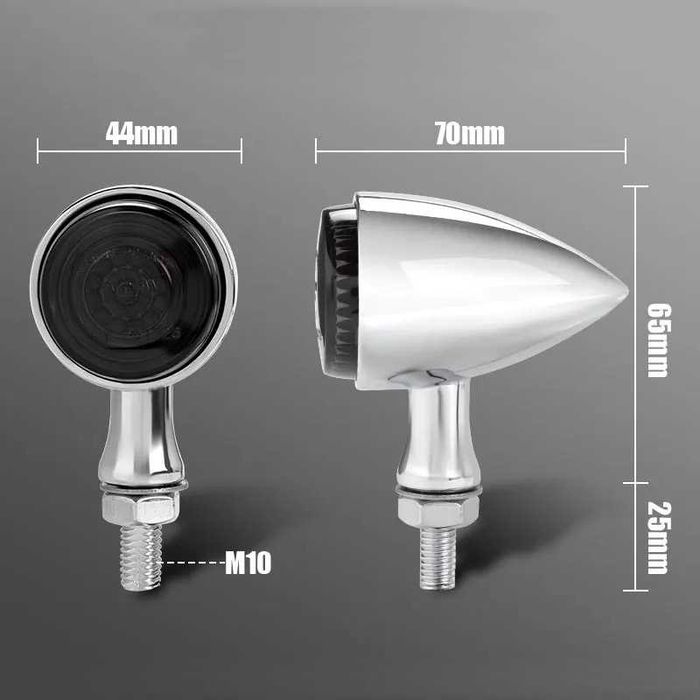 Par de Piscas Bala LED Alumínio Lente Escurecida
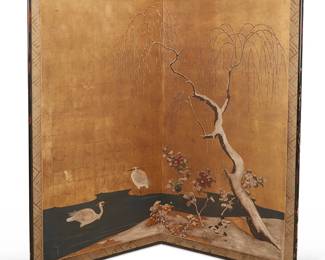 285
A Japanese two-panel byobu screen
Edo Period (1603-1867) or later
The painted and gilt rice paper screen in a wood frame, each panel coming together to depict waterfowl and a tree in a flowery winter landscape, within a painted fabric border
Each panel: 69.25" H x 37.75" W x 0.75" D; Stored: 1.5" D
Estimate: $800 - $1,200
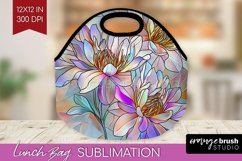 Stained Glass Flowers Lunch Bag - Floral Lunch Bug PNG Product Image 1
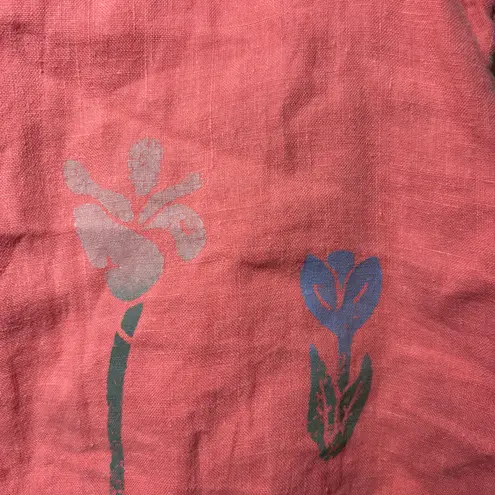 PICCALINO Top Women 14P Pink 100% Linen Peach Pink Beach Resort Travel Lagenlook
•••••
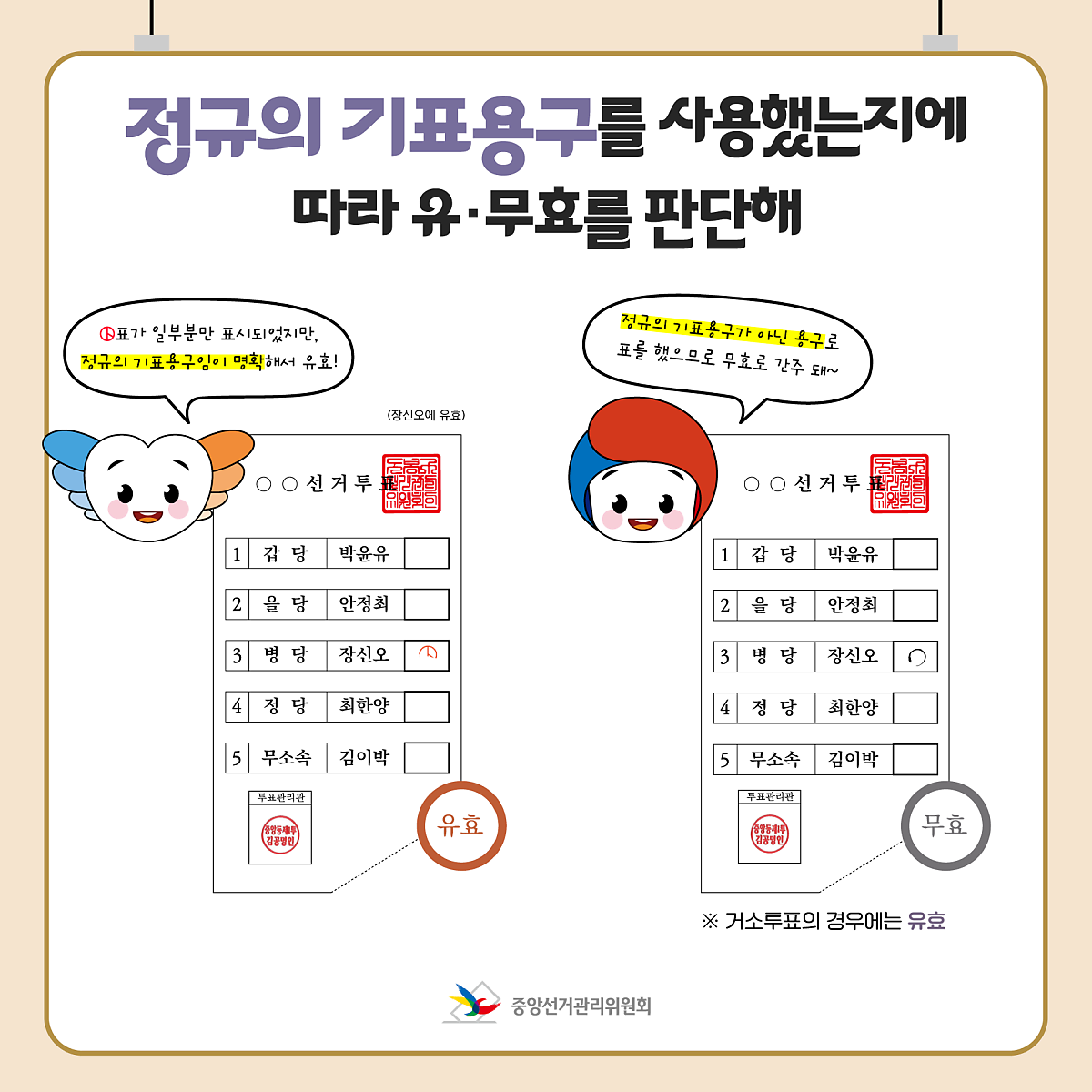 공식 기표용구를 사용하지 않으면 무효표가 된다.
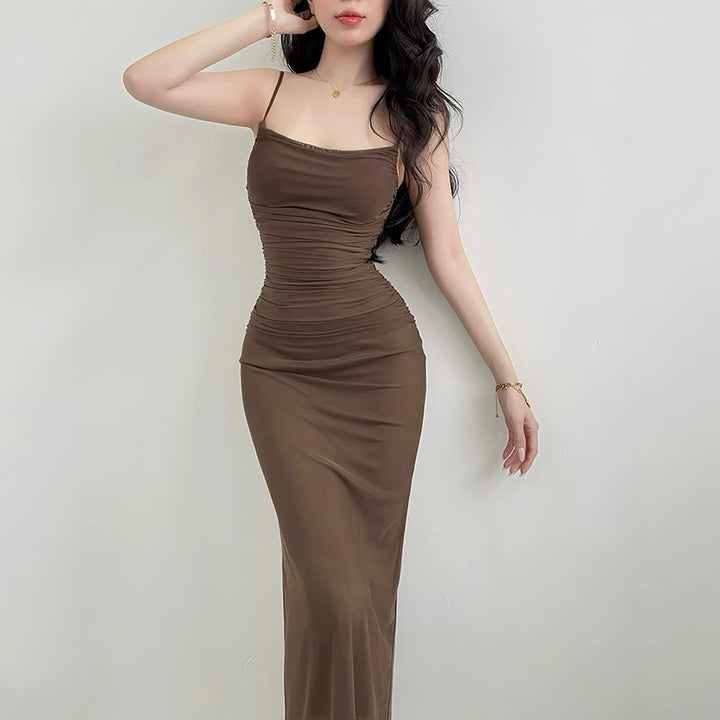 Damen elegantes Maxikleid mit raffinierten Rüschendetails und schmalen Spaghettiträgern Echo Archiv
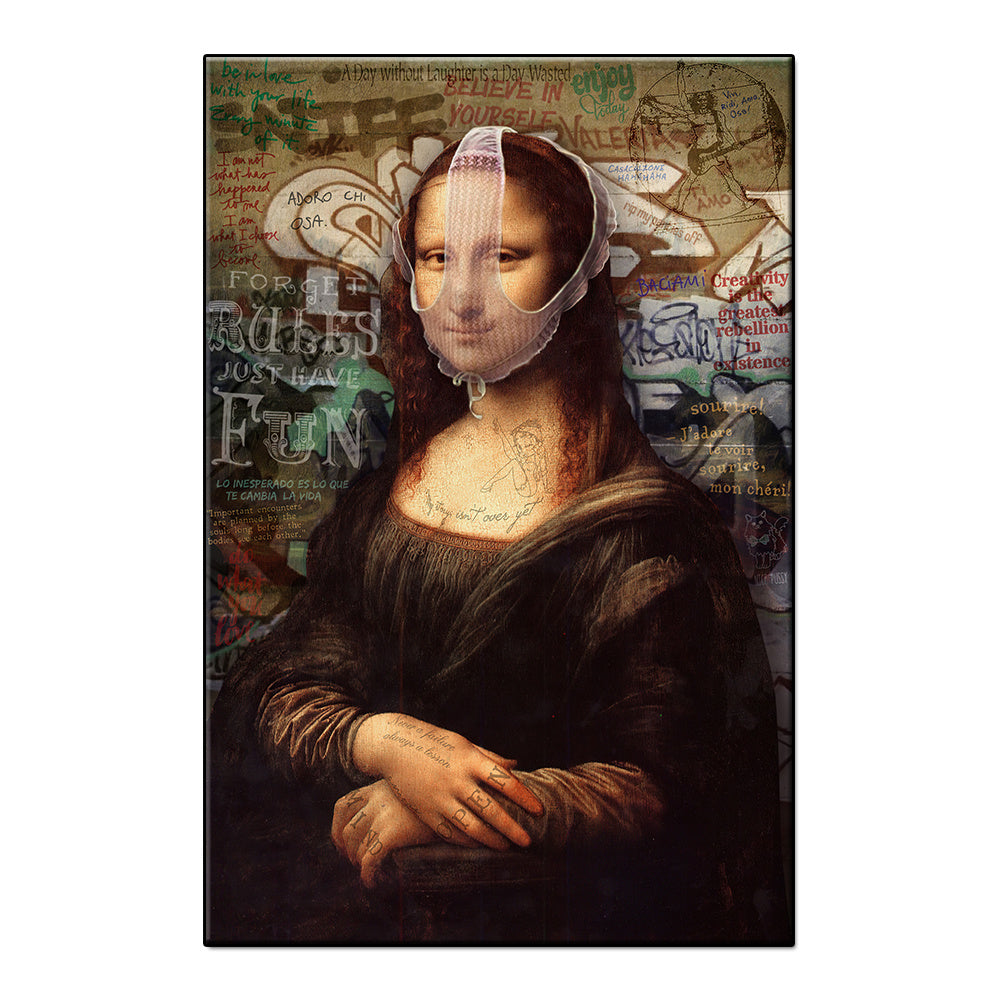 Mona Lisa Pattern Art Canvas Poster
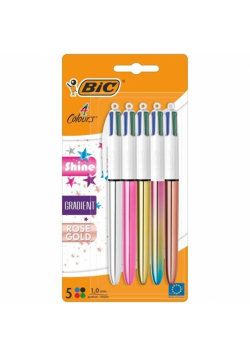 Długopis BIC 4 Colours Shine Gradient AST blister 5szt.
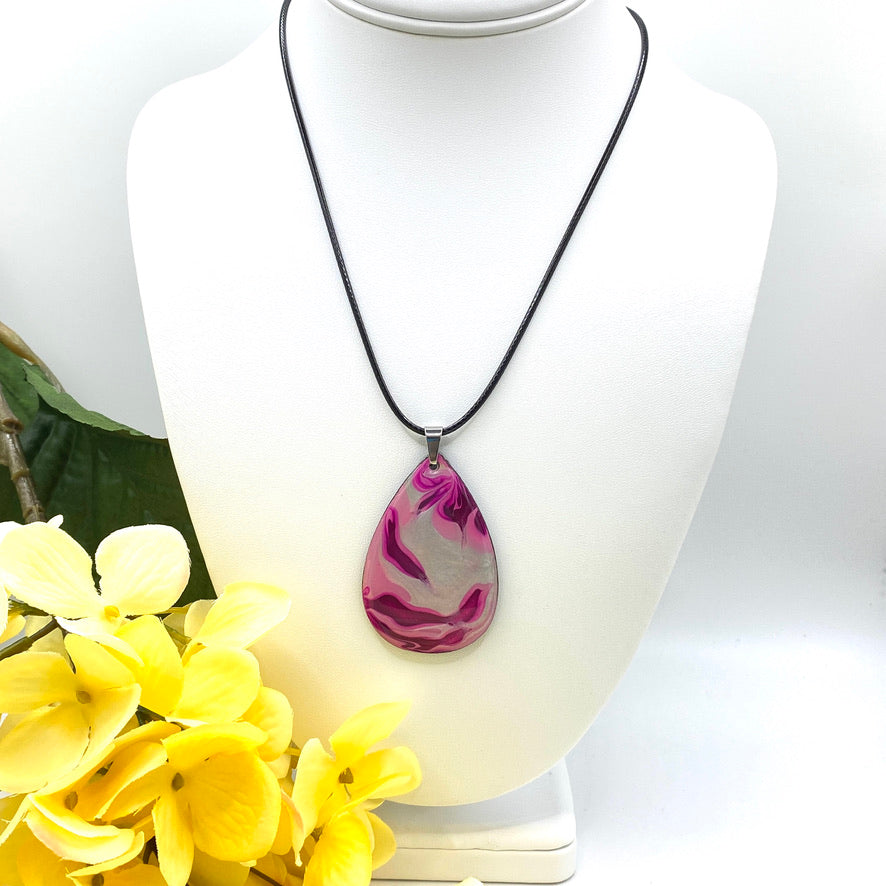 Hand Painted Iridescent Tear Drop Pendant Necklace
•••••
TO DO: Wherever "panel" occurs in the entries above, copy the line it sits on.

RESPONSE BOX:
A Japanese two-panel byobu screen
The painted and gilt rice paper screen in a wood frame, each panel coming together to depict waterfowl and a tree in a flowery winter landscape, within a painted fabric border
Each panel: 69.25" H x 37.75" W x 0.75" D; Stored: 1.5" D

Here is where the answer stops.